Web page caption snippets:

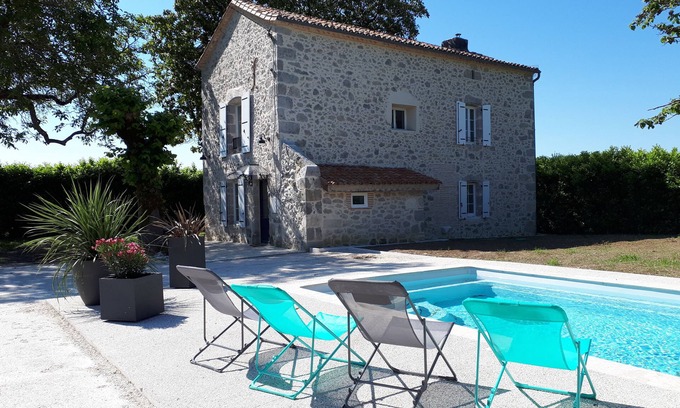 Nerac Casa | NUEVO: Hermosa casa de piedra con chimenea y piscina.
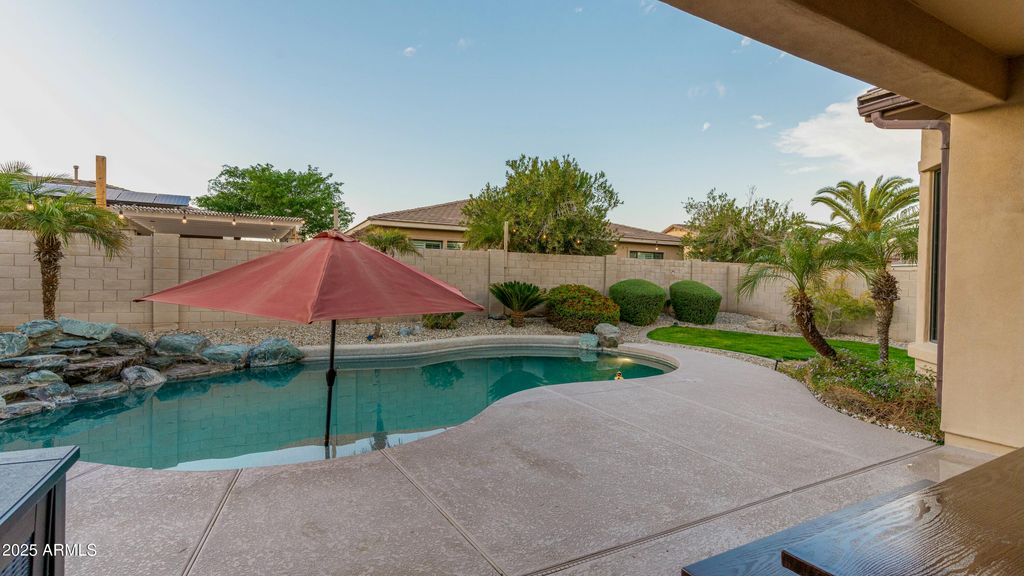 Image 49 of property listing at 15430 W SELLS Drive, Goodyear, AZ 85395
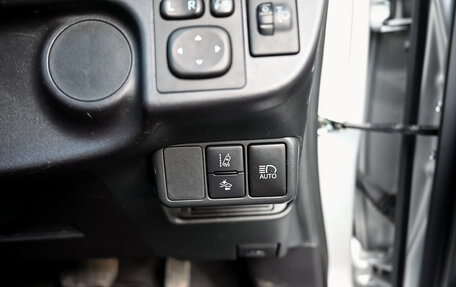 Toyota Aqua I, 2019 год, 1 490 000 рублей, 14 фотография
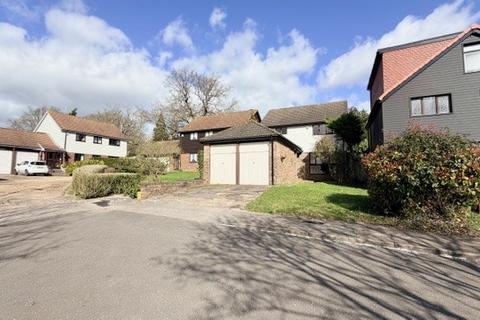 undefined, Kynance Close, Romford, RM3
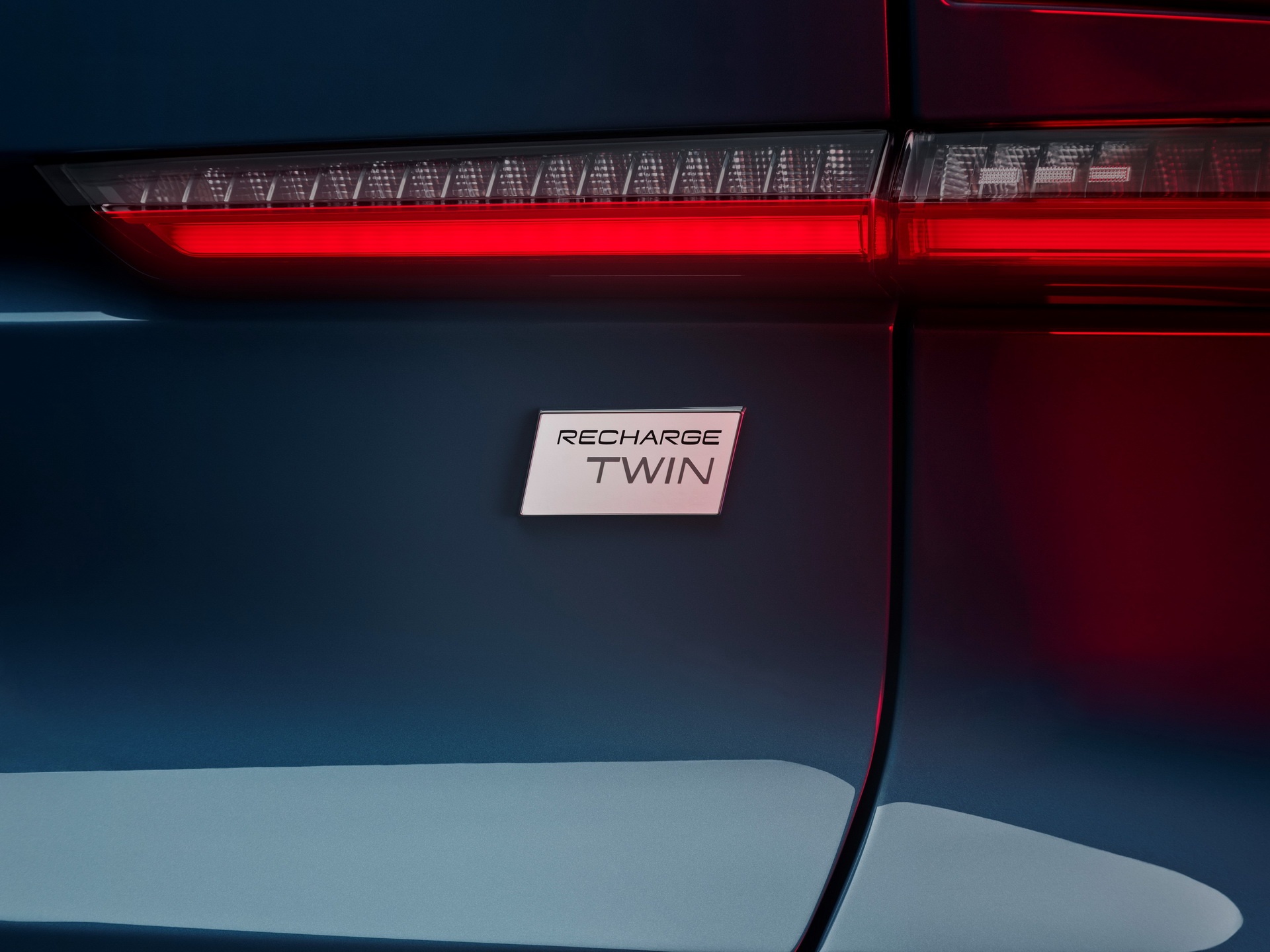 Volvo C40 Recharge ra mat anh 8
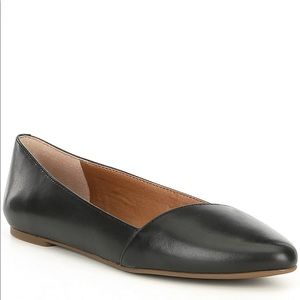 Lucky Brand Black Flats 7.5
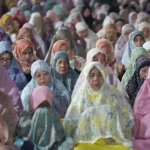 Umat Islam berdoa usai melaksanakan shalat berjamaah dalam rangkaian Maulid, Tabligh Akbar, refleksi enam tahun bencana dan peringatan HUT ke-46 Kota Palu di lapangan Vatulemo, Sabtu (28/9/2024). (Foto: prokopim Setda Kota Palu/Jufri)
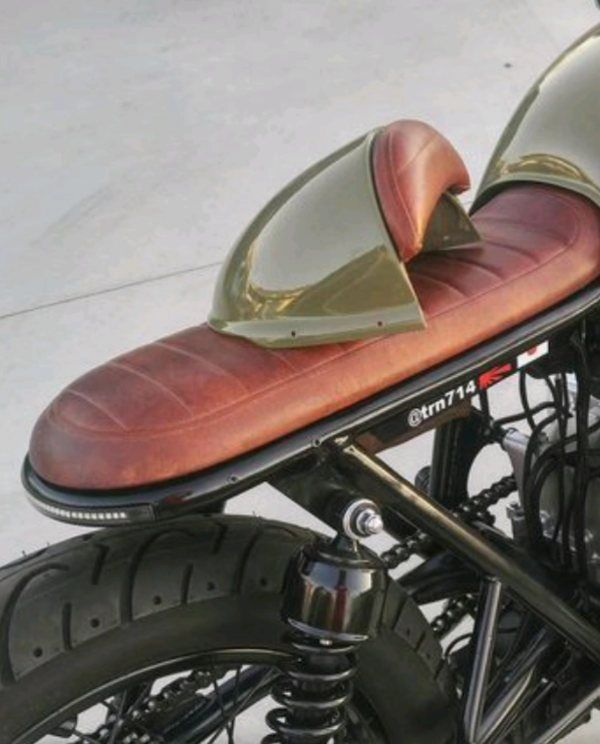 Custom Motorcycle Seat: A Stylish Fusion of Vintage Elegance and Modern Design Elements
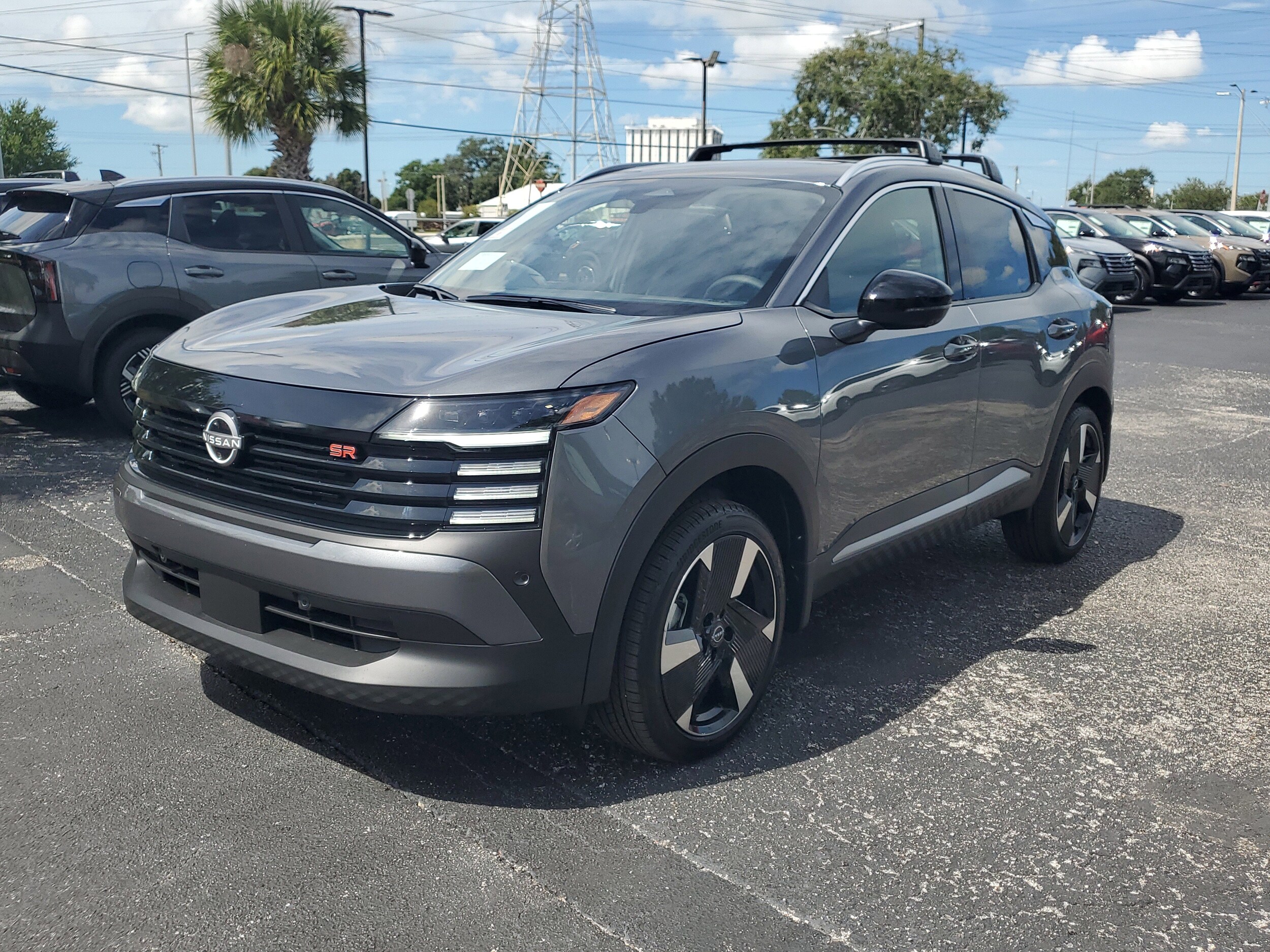 2026 Nissan Kicks SR photo 2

What you are asked to do: Leaving out the pictures, output each line above exactly as it is.

Response for this exercise:
 Nerac Casa | NUEVO: Hermosa casa de piedra con chimenea y piscina.
 Image 49 of property listing at 15430 W SELLS Drive, Goodyear, AZ 85395
 Toyota Aqua I, 2019 год, 1 490 000 рублей, 14 фотография
 undefined, Kynance Close, Romford, RM3
 Volvo C40 Recharge ra mat anh 8
 Lucky Brand Black Flats 7.5
 Umat Islam berdoa usai melaksanakan shalat berjamaah dalam rangkaian Maulid, Tabligh Akbar, refleksi enam tahun bencana dan peringatan HUT ke-46 Kota Palu di lapangan Vatulemo, Sabtu (28/9/2024). (Foto: prokopim Setda Kota Palu/Jufri)
 Custom Motorcycle Seat: A Stylish Fusion of Vintage Elegance and Modern Design Elements
 2026 Nissan Kicks SR photo 2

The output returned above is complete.